Wash the potatoes thoroughly and cook in plenty of boiling water for about 20 minutes. In the meantime wash, clean and slice the tomatoes. Peel 2 onions and cut into rings.
For the vinaigrette, mix vinegar, salt, pepper and sugar, then fold in 3 tablespoons of oil. Place the tomatoes and onion rings in a bowl and fold in the vinaigrette. Peel the remaining onion and chop finely.
Clean and clean the mushrooms and cut them into slices. Wash the meat, dab dry. Drain potatoes, quench, drain and peel. Press warm potatoes through a potato press.
Add flour and eggs, knead briefly and season with salt, pepper and nutmeg. Form rolls (approx. 1.5 cm Ø) from the dough, cut into small pieces and form into balls with floured hands.
Press flat with a fork. Bring plenty of salted water to the boil in a large saucepan. Cook the gnocchi in lightly simmering salt water in 2-3 portions. Remove the finished gnocchi with a skimmer and drain well.
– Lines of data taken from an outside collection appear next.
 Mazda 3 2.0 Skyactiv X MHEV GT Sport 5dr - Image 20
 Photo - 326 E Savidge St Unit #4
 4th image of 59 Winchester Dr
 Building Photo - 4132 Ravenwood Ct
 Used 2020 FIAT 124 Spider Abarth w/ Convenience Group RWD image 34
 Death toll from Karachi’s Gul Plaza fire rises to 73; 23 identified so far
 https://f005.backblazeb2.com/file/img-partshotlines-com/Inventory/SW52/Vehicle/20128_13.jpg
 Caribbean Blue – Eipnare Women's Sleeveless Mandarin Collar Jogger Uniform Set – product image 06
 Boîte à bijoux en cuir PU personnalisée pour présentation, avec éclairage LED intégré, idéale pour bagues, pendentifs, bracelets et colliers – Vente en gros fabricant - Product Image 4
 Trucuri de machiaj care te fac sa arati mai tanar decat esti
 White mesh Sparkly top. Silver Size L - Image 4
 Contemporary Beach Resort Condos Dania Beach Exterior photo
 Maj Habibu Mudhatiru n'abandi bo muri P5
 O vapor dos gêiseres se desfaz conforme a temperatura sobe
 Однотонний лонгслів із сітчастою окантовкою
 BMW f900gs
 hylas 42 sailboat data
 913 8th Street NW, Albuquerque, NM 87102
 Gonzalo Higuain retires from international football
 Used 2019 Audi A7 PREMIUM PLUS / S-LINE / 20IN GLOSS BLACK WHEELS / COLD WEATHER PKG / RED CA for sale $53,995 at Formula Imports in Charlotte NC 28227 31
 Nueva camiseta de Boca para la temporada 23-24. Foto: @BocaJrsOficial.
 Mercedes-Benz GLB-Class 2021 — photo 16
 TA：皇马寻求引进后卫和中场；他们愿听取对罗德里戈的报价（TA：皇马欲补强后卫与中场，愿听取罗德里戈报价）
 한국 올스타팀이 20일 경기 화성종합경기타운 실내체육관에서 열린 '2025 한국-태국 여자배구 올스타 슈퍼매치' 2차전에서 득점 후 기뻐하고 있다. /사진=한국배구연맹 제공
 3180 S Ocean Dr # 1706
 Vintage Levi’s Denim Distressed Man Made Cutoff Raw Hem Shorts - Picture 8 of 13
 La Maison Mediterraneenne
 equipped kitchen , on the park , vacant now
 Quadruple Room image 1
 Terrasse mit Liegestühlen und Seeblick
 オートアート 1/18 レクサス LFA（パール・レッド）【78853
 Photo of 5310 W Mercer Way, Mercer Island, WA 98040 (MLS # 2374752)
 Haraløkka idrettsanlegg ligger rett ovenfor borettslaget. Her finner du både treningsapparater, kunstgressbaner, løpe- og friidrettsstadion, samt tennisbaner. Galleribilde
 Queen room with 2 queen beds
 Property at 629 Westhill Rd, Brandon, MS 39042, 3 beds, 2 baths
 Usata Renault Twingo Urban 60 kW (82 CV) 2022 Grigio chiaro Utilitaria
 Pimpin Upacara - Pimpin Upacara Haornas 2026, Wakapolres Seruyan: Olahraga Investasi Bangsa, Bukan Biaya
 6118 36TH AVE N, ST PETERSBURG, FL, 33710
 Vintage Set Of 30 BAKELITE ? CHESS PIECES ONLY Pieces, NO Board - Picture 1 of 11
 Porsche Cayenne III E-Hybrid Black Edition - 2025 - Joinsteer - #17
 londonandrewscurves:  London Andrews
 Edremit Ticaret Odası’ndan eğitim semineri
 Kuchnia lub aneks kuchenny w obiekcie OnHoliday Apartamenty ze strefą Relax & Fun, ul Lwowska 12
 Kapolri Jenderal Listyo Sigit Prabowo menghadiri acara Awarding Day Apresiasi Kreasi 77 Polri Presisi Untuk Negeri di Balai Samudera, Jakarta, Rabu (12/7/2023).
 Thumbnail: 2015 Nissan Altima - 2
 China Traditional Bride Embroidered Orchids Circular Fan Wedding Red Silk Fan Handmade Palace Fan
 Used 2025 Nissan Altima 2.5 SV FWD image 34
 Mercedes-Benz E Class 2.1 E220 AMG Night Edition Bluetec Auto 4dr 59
Keep the gnocchi warm. Season meat with salt and pepper. Heat 2 tablespoons of oil in a large frying pan. Fry the meat for about 5 minutes, turning it over, remove it and keep it warm. Sauté diced onions in hot frying fat until translucent.
Add the mushrooms and fry for about 4 minutes. Season with salt and pepper. Add 250 ml water, stir in sauce powder, bring to the boil and simmer for about 1 minute. Wash the parsley and chop it, except for something to garnish.
Arrange meat, mushroom sauce, gnocchi and tomato salad on plates. Sprinkle with parsley and garnish.